Dem deutschen Ausruf "Nie wieder" wohne ein falsches Verständnis inne, kritisiert der Zentralratspräsident. "Dem Deutschen geht es darum, nie wieder Schuld auf sich zu laden. Für uns Juden bedeutet 'Nie wieder' hingegen: Nie wieder Opfer sein. Nie wieder wehrlos ausgeliefert sein, wenn fremde Mächte über das eigene Schicksal bestimmen wollen."
"Mit Hass im Herzen und auf den Lippen"
Scharf geht Schuster mit propalästinensischen Demonstrationen ins Gericht, bei denen Menschen "mit Hass im Herzen und auf den Lippen" durch Berlins Straßen zögen. "Nicht 1938, sondern jetzt. Diese Menschen erdreisten sich, 'Nie wieder' zu rufen. Sie prangern damit nicht die Übergriffe auf Juden an. Ihr Ziel ist es, das Handeln Israels zu dämonisieren. 'Nie wieder', gerichtet gegen den einzigen jüdischen Staat. Eine Perversion der Geschichte."

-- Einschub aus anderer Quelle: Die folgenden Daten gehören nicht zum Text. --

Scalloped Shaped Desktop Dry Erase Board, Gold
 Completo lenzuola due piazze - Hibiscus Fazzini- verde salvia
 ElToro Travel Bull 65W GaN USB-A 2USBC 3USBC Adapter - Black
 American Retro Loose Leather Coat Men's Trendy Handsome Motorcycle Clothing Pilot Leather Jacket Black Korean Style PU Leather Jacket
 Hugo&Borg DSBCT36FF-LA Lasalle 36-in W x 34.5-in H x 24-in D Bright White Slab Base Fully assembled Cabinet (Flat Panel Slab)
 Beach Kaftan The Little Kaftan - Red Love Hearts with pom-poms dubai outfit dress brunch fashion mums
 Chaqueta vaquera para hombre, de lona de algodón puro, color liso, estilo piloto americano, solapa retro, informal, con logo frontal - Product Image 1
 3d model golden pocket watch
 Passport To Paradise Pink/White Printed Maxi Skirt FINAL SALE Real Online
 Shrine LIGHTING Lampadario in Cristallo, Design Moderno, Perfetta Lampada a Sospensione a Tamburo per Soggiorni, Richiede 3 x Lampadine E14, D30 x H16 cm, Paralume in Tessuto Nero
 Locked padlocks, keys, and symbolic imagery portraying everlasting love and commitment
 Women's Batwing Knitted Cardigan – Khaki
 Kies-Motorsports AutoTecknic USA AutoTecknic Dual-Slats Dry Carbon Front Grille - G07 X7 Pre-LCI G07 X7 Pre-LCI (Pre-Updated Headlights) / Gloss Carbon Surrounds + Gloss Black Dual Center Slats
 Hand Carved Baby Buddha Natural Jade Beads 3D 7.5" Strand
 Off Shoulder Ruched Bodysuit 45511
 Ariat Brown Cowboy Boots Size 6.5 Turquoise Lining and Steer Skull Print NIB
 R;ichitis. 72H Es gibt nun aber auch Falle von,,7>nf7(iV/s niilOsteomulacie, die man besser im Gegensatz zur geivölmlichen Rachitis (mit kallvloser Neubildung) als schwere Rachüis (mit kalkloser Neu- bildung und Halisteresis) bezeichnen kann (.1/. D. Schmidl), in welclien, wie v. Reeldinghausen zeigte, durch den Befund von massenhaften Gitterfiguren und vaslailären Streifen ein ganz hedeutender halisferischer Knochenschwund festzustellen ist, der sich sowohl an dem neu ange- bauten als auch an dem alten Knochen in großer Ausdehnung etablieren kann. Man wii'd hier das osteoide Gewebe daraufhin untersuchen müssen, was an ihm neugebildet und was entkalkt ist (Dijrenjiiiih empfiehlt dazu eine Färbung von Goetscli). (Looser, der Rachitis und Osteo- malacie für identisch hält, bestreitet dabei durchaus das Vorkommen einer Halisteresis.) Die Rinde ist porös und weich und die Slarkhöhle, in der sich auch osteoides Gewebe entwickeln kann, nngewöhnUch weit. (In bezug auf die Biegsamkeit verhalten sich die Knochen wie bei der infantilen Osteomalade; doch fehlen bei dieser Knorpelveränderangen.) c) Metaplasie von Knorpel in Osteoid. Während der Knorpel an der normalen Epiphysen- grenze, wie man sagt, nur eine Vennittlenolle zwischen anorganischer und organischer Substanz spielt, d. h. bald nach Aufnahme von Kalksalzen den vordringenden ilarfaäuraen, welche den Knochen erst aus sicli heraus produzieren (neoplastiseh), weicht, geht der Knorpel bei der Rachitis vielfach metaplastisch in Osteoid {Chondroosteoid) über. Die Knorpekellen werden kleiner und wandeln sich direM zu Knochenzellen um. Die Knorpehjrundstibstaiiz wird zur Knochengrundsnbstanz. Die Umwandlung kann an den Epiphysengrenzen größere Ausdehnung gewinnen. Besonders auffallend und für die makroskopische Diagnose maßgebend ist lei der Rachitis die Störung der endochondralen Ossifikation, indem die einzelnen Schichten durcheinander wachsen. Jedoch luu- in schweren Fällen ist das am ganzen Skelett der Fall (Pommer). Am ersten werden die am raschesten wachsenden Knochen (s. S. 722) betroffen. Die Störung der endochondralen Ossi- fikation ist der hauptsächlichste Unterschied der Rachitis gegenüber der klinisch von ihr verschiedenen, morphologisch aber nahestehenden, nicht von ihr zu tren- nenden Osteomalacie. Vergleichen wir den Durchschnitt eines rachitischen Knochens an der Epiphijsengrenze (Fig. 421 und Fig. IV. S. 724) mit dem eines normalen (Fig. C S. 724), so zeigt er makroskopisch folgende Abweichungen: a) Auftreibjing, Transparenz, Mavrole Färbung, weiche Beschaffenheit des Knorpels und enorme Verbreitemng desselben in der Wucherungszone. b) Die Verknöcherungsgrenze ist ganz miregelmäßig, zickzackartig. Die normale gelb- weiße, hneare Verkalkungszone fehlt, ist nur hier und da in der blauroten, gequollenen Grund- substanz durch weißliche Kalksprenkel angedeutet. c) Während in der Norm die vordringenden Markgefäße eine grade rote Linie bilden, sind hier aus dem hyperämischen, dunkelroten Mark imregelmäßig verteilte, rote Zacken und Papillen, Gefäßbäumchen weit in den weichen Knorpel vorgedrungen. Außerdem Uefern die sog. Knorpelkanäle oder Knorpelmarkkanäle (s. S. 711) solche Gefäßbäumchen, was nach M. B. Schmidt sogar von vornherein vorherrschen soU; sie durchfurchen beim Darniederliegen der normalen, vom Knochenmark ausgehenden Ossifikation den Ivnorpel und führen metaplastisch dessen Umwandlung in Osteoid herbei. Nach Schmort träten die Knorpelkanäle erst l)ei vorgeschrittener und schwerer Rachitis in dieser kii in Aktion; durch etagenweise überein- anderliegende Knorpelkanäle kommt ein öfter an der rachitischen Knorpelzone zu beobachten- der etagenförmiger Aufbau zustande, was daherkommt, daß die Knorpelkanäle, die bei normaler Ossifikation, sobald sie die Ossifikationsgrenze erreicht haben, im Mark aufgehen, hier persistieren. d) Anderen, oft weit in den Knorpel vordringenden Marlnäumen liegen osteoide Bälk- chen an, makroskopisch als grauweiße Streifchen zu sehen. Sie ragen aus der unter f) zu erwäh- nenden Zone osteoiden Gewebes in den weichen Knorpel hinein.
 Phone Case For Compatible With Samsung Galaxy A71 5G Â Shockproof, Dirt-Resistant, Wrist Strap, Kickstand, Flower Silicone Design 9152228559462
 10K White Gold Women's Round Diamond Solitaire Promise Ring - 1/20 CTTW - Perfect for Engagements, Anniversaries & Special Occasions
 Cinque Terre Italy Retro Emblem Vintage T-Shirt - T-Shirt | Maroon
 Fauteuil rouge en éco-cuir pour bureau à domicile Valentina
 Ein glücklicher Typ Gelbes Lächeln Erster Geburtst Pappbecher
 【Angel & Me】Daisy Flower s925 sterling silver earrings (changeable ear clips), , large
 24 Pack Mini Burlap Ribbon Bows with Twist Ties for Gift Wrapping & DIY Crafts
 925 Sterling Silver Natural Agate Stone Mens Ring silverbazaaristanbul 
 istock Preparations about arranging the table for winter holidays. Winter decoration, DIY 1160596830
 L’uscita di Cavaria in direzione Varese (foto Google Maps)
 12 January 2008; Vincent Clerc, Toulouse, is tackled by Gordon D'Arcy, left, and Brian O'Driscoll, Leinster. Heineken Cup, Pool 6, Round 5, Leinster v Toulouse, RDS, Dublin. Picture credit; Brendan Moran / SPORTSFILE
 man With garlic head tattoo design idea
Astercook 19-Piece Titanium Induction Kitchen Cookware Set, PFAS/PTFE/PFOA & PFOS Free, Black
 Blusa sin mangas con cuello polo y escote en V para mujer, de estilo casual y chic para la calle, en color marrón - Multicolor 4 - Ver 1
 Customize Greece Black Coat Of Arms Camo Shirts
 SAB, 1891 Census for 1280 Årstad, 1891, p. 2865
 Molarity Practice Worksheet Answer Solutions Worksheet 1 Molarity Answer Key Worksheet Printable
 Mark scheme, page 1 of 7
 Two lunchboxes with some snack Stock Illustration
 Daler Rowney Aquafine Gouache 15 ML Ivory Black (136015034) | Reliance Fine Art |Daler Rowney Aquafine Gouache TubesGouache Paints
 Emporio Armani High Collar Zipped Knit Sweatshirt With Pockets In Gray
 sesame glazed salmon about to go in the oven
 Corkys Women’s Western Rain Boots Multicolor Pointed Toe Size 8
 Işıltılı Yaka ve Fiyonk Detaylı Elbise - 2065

Selbstverständlich könne man das Handeln der israelischen Regierung kritisieren, betont der Zentralratspräsident. "Ich werde nicht müde, das zu tun - doch ich bin es leid, als Replik auf Beiträge wie diesen regelmäßig zu hören, man könne 'keine Kritik an Israel üben, ohne als Antisemit zu gelten'."
Zivilcourage zeigen
In dem Gastbeitrag erinnert Schuster an Paul Spiegel, einen seiner Amtsvorgänger. Dieser hatte im Jahr 2000 unter dem Motto "Nie wieder Judenhass!" einen "Aufstand der Anständigen" beschworen. "Sehe ich mich heute um in unserem Land, so muss ich feststellen: Entweder sind die Anständigen weniger geworden, oder sie sitzen untätig auf den Zuschauerrängen."
Zum 9. November gelte es, Zivilcourage zu zeigen. "Lassen Sie es nicht bei der Floskel 'Nie wieder' bewenden", schreibt Schuster. "Werden Sie Teil eines neuen Aufstands der Anständigen. Ein Aufstand gegen jede Form des Antisemitismus und an jedem Tag des Jahres."
Nach unterschiedlichen Schätzungen wurden zwischen dem 7. und 13. November 1938 im damaligen Gebiet des Deutschen Reichs zwischen 400 und 1.300 Menschen ermordet oder in den Suizid getrieben. Mehr als 1.400 Synagogen, Betstuben und sonstige Versammlungsräume sowie Tausende Geschäfte, Wohnungen und jüdische Friedhöfe wurden zerstört. Rund 30.000 Juden wurden in Konzentrationslager verschleppt.